■ **Task description**
Copy out, from the data, each line containing the string "Dodge".

START Task inputs

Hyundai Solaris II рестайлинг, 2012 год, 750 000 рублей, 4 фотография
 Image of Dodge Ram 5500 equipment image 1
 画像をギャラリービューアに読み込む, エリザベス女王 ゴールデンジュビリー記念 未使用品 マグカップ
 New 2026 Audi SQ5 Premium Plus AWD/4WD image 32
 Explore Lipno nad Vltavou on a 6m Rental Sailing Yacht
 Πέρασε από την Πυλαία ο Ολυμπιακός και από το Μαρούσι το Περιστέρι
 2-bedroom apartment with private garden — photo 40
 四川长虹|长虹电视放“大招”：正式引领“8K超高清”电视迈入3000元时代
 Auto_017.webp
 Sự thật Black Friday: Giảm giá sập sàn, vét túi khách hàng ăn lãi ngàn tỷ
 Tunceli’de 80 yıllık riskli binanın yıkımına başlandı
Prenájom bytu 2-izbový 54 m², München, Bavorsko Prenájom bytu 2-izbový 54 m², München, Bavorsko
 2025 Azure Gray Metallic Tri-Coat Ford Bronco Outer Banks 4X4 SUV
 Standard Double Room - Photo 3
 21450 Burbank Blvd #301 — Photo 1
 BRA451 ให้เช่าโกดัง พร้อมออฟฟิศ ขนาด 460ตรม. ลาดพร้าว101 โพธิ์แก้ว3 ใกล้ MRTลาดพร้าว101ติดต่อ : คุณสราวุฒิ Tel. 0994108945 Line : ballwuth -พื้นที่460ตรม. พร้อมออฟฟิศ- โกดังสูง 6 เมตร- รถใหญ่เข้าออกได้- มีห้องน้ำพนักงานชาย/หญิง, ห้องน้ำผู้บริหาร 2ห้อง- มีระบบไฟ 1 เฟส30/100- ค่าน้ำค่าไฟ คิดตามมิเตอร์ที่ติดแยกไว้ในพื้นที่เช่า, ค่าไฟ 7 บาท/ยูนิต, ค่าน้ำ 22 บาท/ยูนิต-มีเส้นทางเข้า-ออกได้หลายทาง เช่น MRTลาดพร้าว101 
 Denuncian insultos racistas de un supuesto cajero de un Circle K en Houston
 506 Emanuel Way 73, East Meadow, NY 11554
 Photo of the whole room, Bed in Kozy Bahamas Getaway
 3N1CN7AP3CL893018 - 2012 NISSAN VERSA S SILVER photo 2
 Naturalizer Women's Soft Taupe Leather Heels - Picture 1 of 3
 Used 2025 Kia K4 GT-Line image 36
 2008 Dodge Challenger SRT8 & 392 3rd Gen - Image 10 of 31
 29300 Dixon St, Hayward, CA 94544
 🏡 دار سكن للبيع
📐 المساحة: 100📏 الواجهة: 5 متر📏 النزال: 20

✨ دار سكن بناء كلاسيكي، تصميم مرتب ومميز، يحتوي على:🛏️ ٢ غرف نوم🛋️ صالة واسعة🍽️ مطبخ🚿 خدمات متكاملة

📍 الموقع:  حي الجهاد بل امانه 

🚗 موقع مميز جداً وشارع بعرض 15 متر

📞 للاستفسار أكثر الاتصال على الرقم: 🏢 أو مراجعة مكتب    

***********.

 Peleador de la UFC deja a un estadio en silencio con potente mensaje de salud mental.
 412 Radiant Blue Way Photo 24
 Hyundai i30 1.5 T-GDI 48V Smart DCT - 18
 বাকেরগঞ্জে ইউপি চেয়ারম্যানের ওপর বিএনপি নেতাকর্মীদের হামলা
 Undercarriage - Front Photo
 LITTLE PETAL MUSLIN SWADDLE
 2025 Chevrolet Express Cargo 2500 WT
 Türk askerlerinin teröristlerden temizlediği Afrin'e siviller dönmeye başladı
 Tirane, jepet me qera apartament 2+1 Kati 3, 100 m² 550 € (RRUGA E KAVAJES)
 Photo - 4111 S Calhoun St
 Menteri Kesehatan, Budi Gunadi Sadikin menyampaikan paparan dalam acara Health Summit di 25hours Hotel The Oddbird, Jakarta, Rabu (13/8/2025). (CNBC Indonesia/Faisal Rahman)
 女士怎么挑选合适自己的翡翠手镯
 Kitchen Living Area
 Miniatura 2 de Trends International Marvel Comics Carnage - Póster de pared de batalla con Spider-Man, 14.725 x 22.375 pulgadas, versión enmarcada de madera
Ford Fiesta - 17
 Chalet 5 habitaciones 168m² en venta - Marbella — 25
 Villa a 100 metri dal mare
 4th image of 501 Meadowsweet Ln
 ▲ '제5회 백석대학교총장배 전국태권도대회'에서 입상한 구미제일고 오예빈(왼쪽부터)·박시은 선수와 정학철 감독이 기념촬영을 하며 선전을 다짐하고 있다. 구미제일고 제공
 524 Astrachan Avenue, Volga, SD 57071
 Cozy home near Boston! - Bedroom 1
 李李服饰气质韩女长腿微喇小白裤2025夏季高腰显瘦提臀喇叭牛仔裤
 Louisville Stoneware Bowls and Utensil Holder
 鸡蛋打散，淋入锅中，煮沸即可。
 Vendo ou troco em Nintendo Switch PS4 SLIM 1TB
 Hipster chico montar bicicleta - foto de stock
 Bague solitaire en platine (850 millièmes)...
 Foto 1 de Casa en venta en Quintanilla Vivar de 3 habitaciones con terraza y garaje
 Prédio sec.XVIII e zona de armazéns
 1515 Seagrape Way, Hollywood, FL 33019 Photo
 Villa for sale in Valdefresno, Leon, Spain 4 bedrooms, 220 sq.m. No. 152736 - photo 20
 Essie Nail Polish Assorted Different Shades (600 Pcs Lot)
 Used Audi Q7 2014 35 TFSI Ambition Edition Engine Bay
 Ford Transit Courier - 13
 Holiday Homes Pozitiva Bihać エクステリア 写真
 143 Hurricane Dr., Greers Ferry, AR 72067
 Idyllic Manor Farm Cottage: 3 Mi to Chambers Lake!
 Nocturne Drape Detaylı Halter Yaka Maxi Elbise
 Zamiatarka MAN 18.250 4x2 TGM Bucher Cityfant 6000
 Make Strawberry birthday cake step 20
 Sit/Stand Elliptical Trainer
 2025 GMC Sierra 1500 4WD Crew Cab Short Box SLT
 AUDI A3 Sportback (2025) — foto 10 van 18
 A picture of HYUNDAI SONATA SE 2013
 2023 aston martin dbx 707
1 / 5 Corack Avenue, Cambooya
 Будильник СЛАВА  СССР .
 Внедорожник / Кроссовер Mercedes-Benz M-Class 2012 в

END Task inputs

■ **Written response**
 Image of Dodge Ram 5500 equipment image 1
 2008 Dodge Challenger SRT8 & 392 3rd Gen - Image 10 of 31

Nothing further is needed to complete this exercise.